Well long story short I met the most amazing guy just 3 months after my breakup. I felt awkward about talking to anyone so soon after coming out of a long relationship but assumed there was no way someone could lke me that way anyway considering I was severely underweight, always ill, open about the fact I had stomach issues, regularly needed a walking stick and/or wheelchair. So I just kind of went with the flow and enjoyed the company and the fact that a hella good looking guy wanted to spend time with me and come along to something I enjoy. After a couple of weeks of meeting up, eating veggie burgers and ice cream and going to open mic, my friends neice comes out with "do yous two go out?"... When I tell you my HEART FELL OUT MY ARSE
We both just looked at each other and laughed nervously and I panicked and blurted out "aw no haha we're just friends" Well done Clara ya tit, you've fucked it.
So we go for a walk after it and I apologise on my friends behalf for her neice being nosey and he goes "aw it's okay, I didn't know what to say I don't wanna make you uncomfortable, I'd like to be your boyfriend if you'd be okay with it tho."

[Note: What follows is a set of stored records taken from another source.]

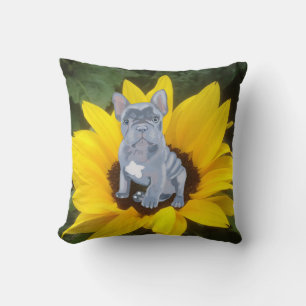Coussin Chien de taureau bleu gris français Chien et tourn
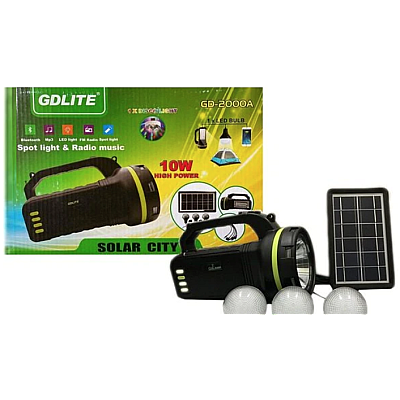 Kit Solar GDLite GD-2000A cu 3 becuri incluse, boxa cu Bluetooth si Radio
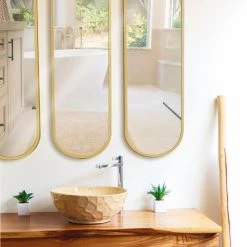 Mirrorize Canada 8"x39.75" Gold Panel Wall Mirrors, Set Of 3 -Laural Home Shop 0e81188203d57d55 3200 w800 h800 b0 p0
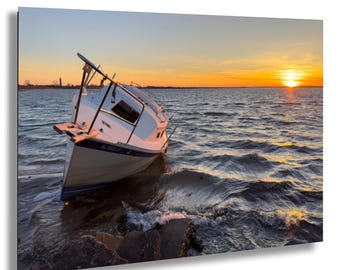 Serene Coastal Scene: Abandoned Boat at Sunset Art Print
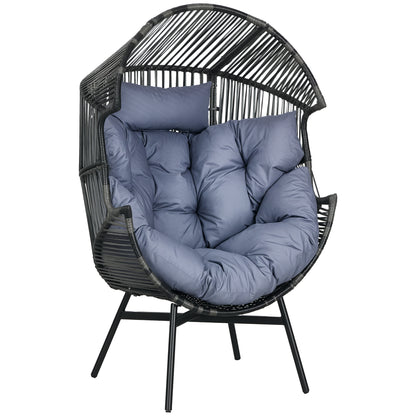 Rattan Chair, Rattan Wicker Chair with Thick Seat Cushion, Egg-shape Garden Chair, Supports 120kg, for Patio, Garden, Gray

I swear to god y'all I felt like someone had just dropped 100 quid infront of me. How on earth was this gorgeous, talented gentleman even remotely interested in this disabled mess?

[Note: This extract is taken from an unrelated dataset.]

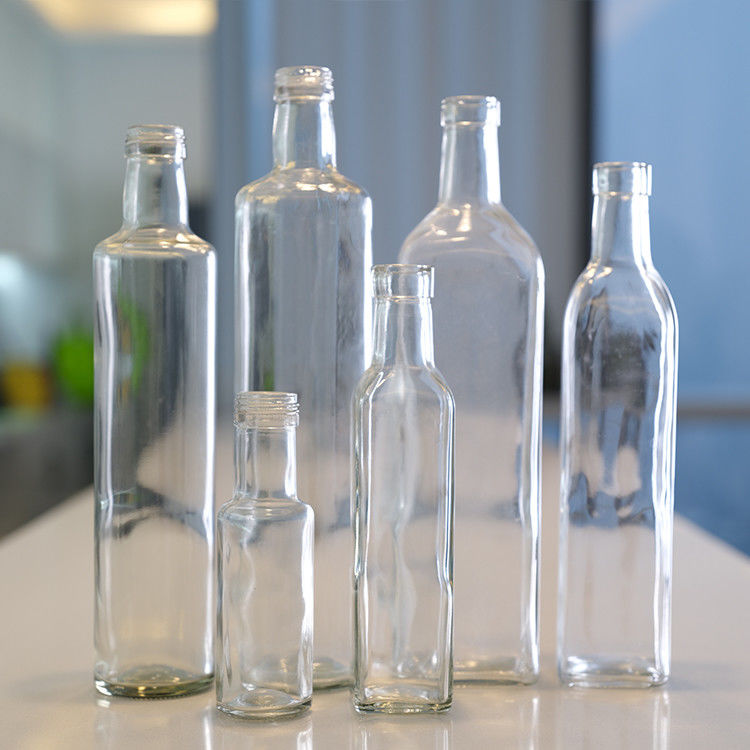 Τροφική ποιότητα 250 ml 500 ml 750 ml Διαυγές στρογγυλό γυαλί Marasca μπουκάλια ελαιολάδου με καπάκι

Anyway, we started dating and I have never ever known someone to be so accepting and not being bothered about looking like the good guy. I'm actually doing a lot better now health wise, my diabetes is more in control mostly. Fibromyalgia and stomach issues are still knocking the fuck outta me but even before it got better, and even on my bad days when my legs go purple/scarlet, even when my stomach's being a bastard and I can't control it he's right there being as perfect as ever. He's never made me feel embarrassed, he's always covered my tracks if someone says something to make me feel uncomfortable, if I have a hypo he's sitting right there with treatment, he surprises me with little things that mean the world, he doesn't make inappropriate jokes around my friends or family, he'll massage me when he knows I'm in severe pain without me even needing to ask but when I do he doesn't complain or make it known he can't be arsed, he wants us to go on holiday, he let me meet his entire family, his parents love me to pieces, he sticks up for me, he runs me baths, he took the time to understand why sex isn't straightforward with me and worked his way around it, he calls me beautiful every single day, I could go on forever. Honestly he's the greatest thing to ever happen to me, to be with someone who truly loves you for you and respects you fully is the most incredible feeling and I can't believe this is happening to me, I went from thinking I wasn't worth anything because all I'd ever be is a disabled person, to knowing that I deserve real happiness and respect, lucky for me the person that made me realise that is the person I am with and I wouldn't change for the world.
I don't encourage relying on anyone for your happiness, I made that mistake once before, but he has made me notice I deserve my OWN happiness, and it's just an added bonus that he makes me happy on top of that.
So yeah, I'm doing petty fucking fantastic these days, and I hope who ever is reading this is too.